Output all entries precisely and leave out the pictures.

==================================================

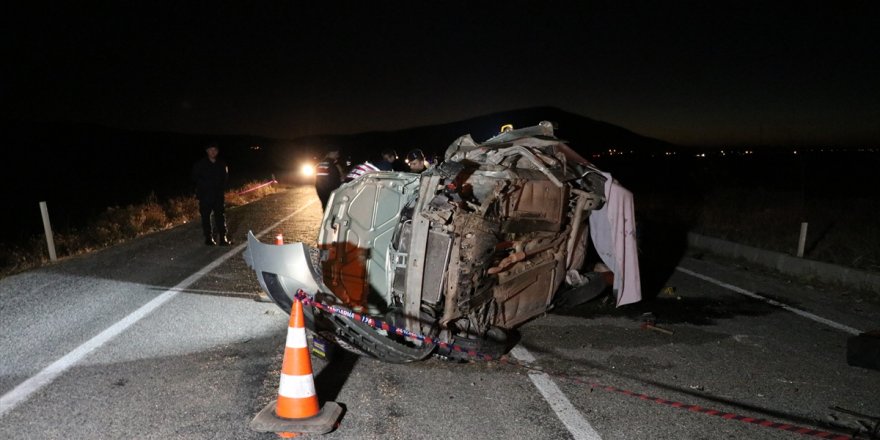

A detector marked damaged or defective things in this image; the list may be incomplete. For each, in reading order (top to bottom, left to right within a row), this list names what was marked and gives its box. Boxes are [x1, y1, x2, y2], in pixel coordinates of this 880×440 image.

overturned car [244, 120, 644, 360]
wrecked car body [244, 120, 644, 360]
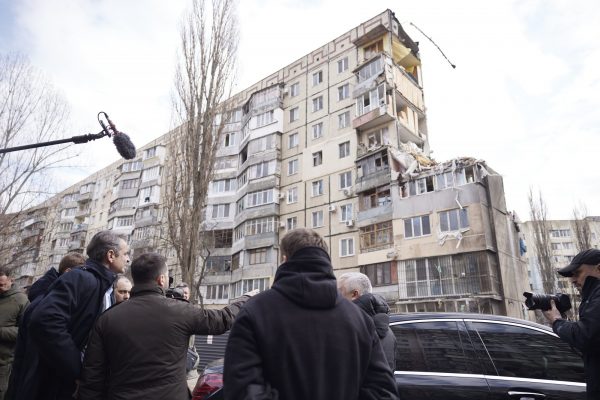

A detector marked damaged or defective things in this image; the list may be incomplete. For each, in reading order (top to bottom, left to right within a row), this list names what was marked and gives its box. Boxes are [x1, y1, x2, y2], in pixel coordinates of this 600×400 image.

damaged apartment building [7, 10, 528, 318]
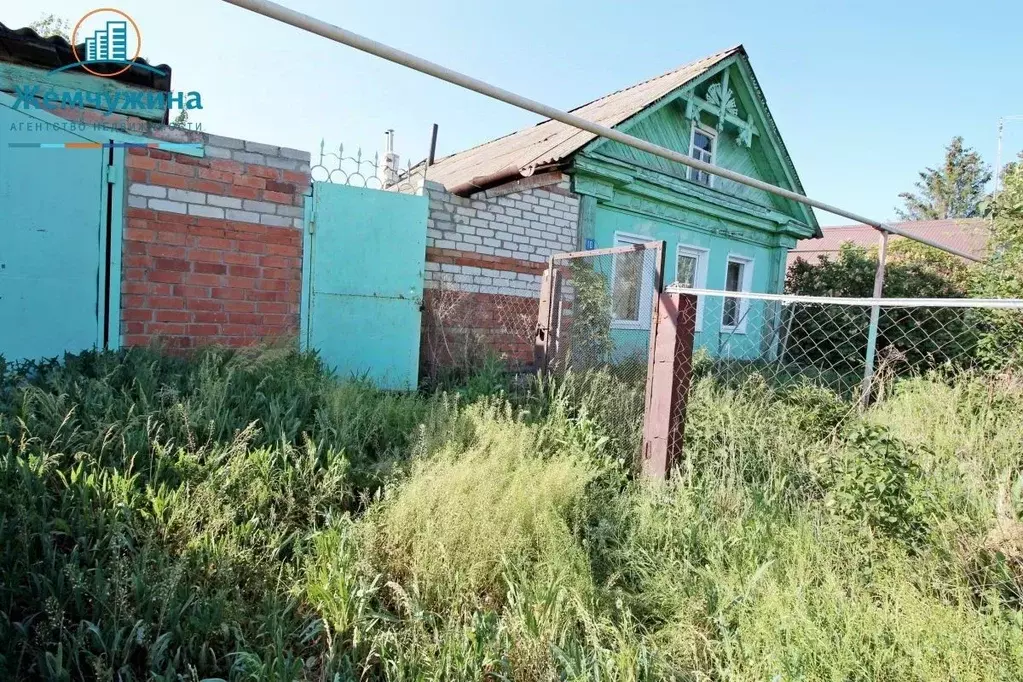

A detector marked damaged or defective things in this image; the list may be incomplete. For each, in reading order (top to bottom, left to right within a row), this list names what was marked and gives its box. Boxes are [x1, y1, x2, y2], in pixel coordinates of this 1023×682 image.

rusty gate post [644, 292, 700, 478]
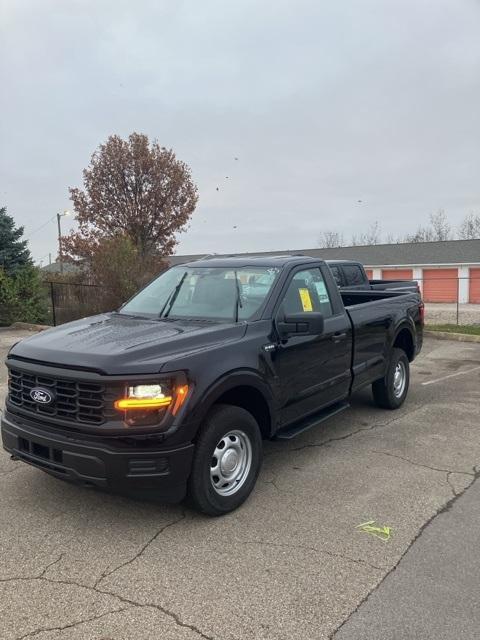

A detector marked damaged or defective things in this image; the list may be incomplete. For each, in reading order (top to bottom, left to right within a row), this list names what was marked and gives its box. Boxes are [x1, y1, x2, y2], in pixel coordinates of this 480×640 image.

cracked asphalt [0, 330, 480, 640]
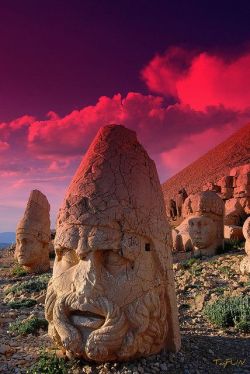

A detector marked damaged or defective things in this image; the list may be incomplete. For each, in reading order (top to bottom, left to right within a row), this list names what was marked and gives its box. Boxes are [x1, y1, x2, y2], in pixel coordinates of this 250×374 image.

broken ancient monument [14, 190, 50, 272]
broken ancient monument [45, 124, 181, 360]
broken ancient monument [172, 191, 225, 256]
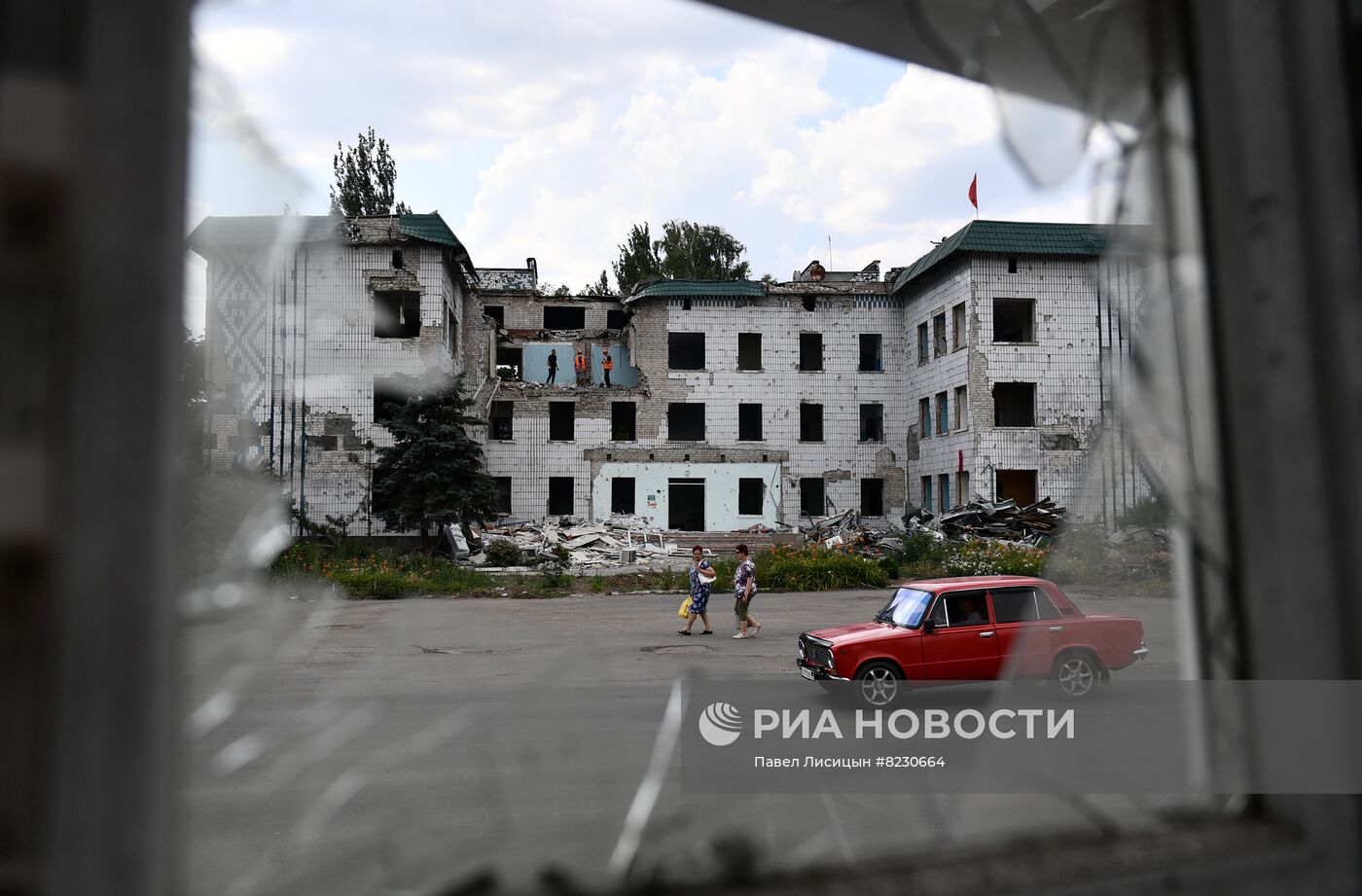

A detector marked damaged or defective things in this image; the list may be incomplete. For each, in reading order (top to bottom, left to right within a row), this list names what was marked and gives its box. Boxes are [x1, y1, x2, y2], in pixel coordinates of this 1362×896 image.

==================================================

> _WRITTEN RESPONSE_
A detector marked damaged or defective things in this image; the list may be incomplete. For each, in reading order (top to bottom, left to right within a row), this list names what was marked and gives its box. Boxes are [x1, y1, x2, y2], in pixel coordinates of this 880×440 image.

overturned car [244, 120, 644, 360]
wrecked car body [244, 120, 644, 360]

A detector marked damaged or defective things in this image; the list may be incomplete. For each, in reading order (top to bottom, left to right within a row), this list names what was marked and gives its box. Boxes are [x1, y1, x2, y2], in pixel coordinates of this 600×400 image.

damaged apartment building [7, 10, 528, 318]

A detector marked damaged or defective things in this image; the list may be incomplete. For each, in reading order (top to bottom, left to right within a row), this list names what was marked and gives its box. Boxes are [x1, y1, x2, y2], in pixel coordinates of this 1023×682 image.

rusty gate post [644, 292, 700, 478]

A detector marked damaged or defective things in this image; the list may be incomplete. For each, in reading order (top to bottom, left to right within a row), this list names what was marked and gives its box. Boxes are [x1, y1, x2, y2], in pixel coordinates of this 480×640 image.

cracked asphalt [0, 330, 480, 640]

A detector marked damaged or defective things in this image; the list may be incomplete. For each, in reading order (top to bottom, left to right within a row), this list names what was marked and gives its box. Boxes are [x1, y1, x2, y2], in pixel coordinates of this 250×374 image.

broken ancient monument [14, 190, 50, 272]
broken ancient monument [45, 124, 181, 360]
broken ancient monument [172, 191, 225, 256]

A detector marked damaged or defective things in this image; the list may be incomplete. For each, in reading order (top to bottom, left to right within a row), this list names what was marked and gives its box. Boxes are [x1, y1, x2, y2], in pixel coordinates of this 1362×896 image.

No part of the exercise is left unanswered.